**Exercise aim**
An exact reproduction is required of the lines from the beginning of the entries through the line with "Watchdogging: a notice/reminder/warning", pictures excluded and nothing added.

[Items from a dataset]

########

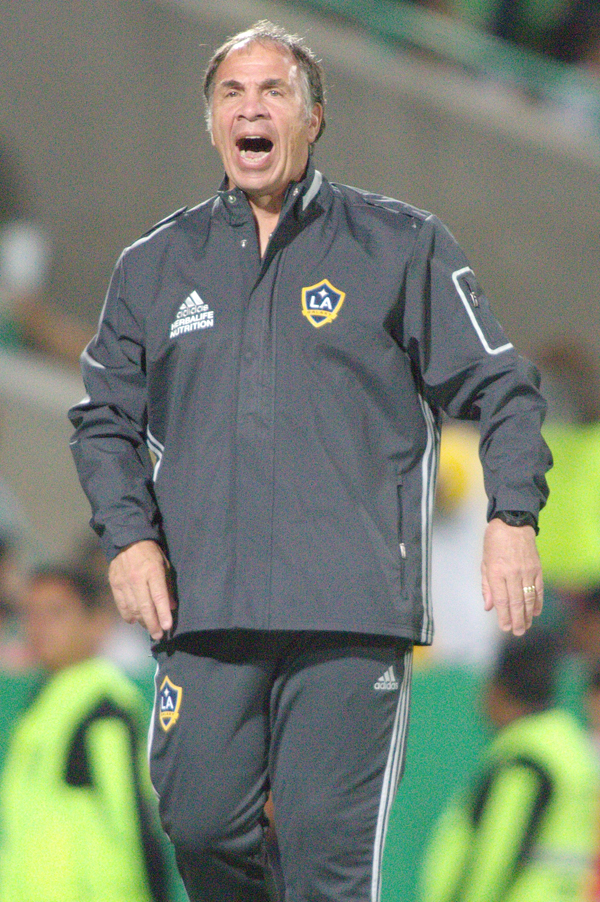 Huấn luyện viên Bruce Arena của đội Los Angeles Galaxy. (Hình: Getty Images)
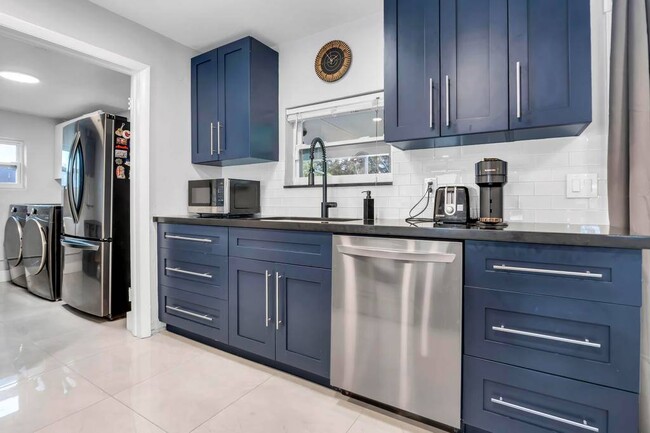 Building Photo - 5070 SW 94th Terrace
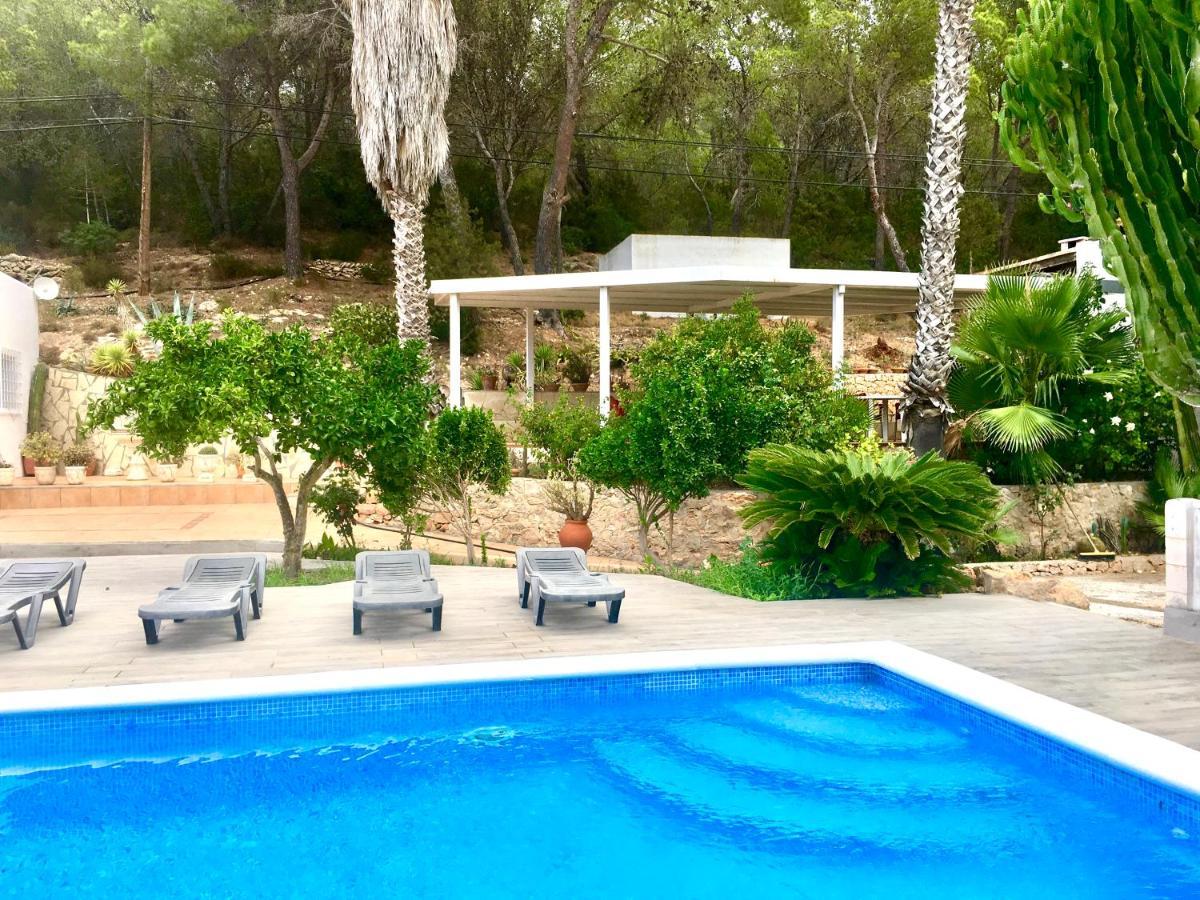 Alexa Charming Is Just A 10 Min Drive To Either Playa Den Bossa Or San Antonio *
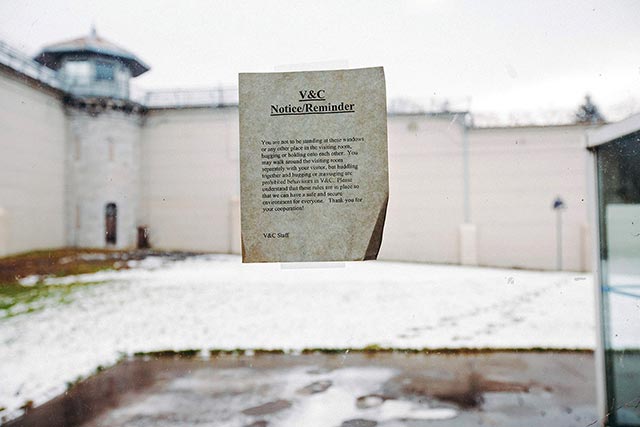 Watchdogging: a notice/reminder/warning to visitors and prisoners is taped to the window inside the Visitation and Correspondence Room. (Photo: Cindy Blažević)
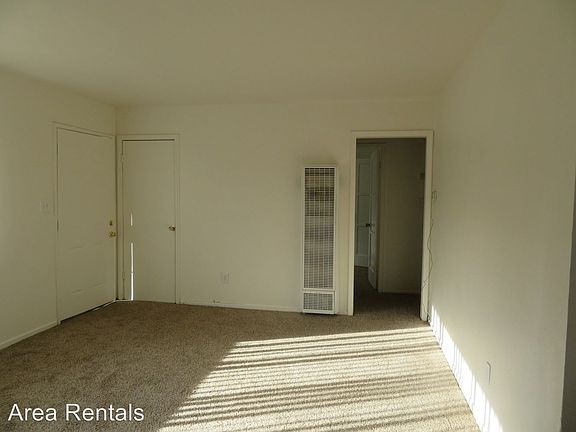 2nd image of 914 E Navajo St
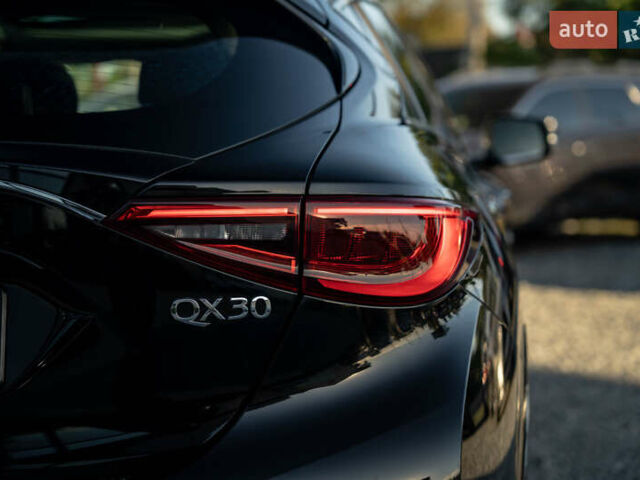 Инфинити QX30 2016 в Черновцах на Automoto.ua Черный Инфинити QX30, объемом двигателя 1.99 л и пробегом 122 тыс. км за 16900 $, фото 6 на Automoto.ua
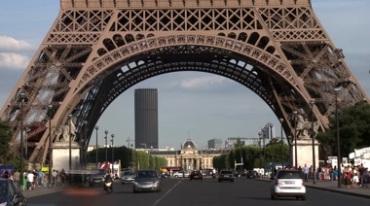 法国巴黎埃菲尔铁塔大道视频素材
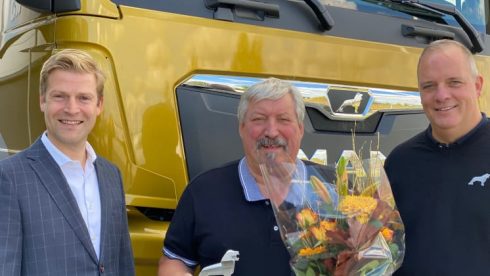Första kundleverans av MAN:s nya lastbilsgeneration. Från vänster Fabian Knappik, försäljningsdirektör MAN Truck & Bus, Sören Abrahamsson, vd Team Abris AB och Evert Landgren, försäljningschef Region Syd MAN Truck & Bus.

########

**Task response**
 Huấn luyện viên Bruce Arena của đội Los Angeles Galaxy. (Hình: Getty Images)
 Building Photo - 5070 SW 94th Terrace
 Alexa Charming Is Just A 10 Min Drive To Either Playa Den Bossa Or San Antonio *
 Watchdogging: a notice/reminder/warning to visitors and prisoners is taped to the window inside the Visitation and Correspondence Room. (Photo: Cindy Blažević)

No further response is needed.